Limitations of this study include the small number of Black physicians in radiation oncology overall, which limits the power to detect small yet potentially relevant differences, and the single year assessed for the comparative analysis, which represented the most recent year of publicly available data given the 2-year lag in reporting. Historical trends over time were assessed to mitigate this potential limitation.
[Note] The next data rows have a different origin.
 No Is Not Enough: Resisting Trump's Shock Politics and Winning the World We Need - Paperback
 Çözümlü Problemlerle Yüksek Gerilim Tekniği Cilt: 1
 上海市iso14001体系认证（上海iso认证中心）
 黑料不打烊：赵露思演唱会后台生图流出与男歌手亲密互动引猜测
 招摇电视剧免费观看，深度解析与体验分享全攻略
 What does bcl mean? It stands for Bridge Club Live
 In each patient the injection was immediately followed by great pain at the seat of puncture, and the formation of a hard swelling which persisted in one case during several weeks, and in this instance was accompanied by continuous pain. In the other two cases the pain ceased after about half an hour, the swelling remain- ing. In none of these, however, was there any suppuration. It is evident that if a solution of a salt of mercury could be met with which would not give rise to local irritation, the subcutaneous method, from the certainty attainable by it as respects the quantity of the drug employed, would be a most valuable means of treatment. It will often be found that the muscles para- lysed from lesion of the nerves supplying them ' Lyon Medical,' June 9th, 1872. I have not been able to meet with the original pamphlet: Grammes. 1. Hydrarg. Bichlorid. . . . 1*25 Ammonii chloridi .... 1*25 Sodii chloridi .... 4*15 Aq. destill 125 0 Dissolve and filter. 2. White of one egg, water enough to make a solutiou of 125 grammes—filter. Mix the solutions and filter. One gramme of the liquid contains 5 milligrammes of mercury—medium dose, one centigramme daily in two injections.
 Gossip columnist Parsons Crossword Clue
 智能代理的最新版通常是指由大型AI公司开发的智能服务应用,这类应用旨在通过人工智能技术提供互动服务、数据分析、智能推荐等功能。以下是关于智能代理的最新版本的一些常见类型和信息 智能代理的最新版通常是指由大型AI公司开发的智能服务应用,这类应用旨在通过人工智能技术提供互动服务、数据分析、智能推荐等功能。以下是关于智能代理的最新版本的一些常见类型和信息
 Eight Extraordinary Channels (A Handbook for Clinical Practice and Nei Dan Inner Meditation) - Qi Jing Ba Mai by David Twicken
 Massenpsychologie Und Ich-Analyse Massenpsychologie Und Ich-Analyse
Moreover, we acknowledge that the racial categories used—as defined by the US census and consistent with the AAMC and ACGME—fail to discern the geographic and cultural heterogeneity (eg, country of origin) within these groups, which may influence representation trends over time.
Conclusions
Black physicians remain disproportionately underrepresented in radiation oncology with minimal historical improvements and decreased representation despite an increasing available pipeline in the US physician workforce. Deliberate efforts to understand the barriers and structural determinants to specialty training and inclusion relative to other successful specialties, along with evidence-based targeted interventions to overcome them, are needed to ensure diversification of the radiation oncology physician workforce.
Footnotes
Disclosures: There are no actual or potential conflicts of interest to disclose for any of the authors.
The majority of the data generated and analyzed during this study are included in this published article and its supplementary information files. The remainder may be shared upon reasonable request to the corresponding author.